Before sewing on Monday night, Artus place pins into a pin cushion emblazoned with a bald eagle. She’s been scouring Etsy to find pin cushions made by women in each of the states she’ll visit. “I love involving those gals in a fine art project. I like involving people that aren't necessarily involved in... fancy art-making,” said Artus, who spent 13 years designing for the “gift industry” before becoming a full-time visual artist.
‘It’s as important today as it was then’
“I’m so amazed by it all,” said attendee Debby James as she waited for Artus to begin stitching. “I think it’s such an incredible, inspiring project.”
“I was moved to tears when I first got here,” James said later, explaining that it wasn’t until she was going through her mother’s things after her death that she learned that her grandmother had earned an education degree. “So, to have it all tied into education… I just found it so moving,” James said. “I also have this piece of art from my grandma, when she was 12 years old, and it was 1915. And I think about, when she made that, (women) didn’t have the right to vote. It’s hard to even imagine what that’s like.”
Marjorie Schuett, a volunteer with the League of Women Voters, was asked to register voters at the event. “Well, today is an important day, obviously,” Schuett said, adding that she had just come back from visiting suffrage exhibits in Washington, D.C., where she had a memorable conversation with a Lyft driver.

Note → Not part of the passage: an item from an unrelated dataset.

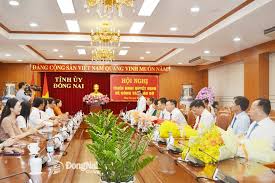 Phát triển đội ngũ cán bộ lãnh đạo, quản lý phục vụ quản trị phát triển vùng kinh tế ở thành phố Đồng Nai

“This very lovely young man… was asking me what I had done that day,” Schuett recalled. “I told him that I had been at many of these suffrage exhibits, and he thought for a minute and he said, ‘I’m sorry. I’m ignorant about this. You mean there was a time when women couldn’t vote?’”
“It’s part of this importance of talking about this and the importance of using that vote,” Schuett said. “It’s as important today as it was then, as far as I’m concerned.”
Beside Artus as she sewed was a vintage sewing box holding the stripes for her next three stops: Illinois, Michigan and Kansas. She will drive to each of the 36 state capitols on this 14-month, 17-trip endeavor. The flag will get its last stripe in August 2020, just two months before the voters — men and women of all backgrounds — cast their ballots for the next president. Artus hopes the flag might be hanging from a building in Washington, D.C., during the election.
“I want to involve as many people that want to get on this train as possible,” Artus said, noting that the 19th Amendment owes it ratification, following a “72-years-long nonviolent fight,” to people of a variety of parties and races. “I think every American can come feel good about the accomplishment of passing this amendment.”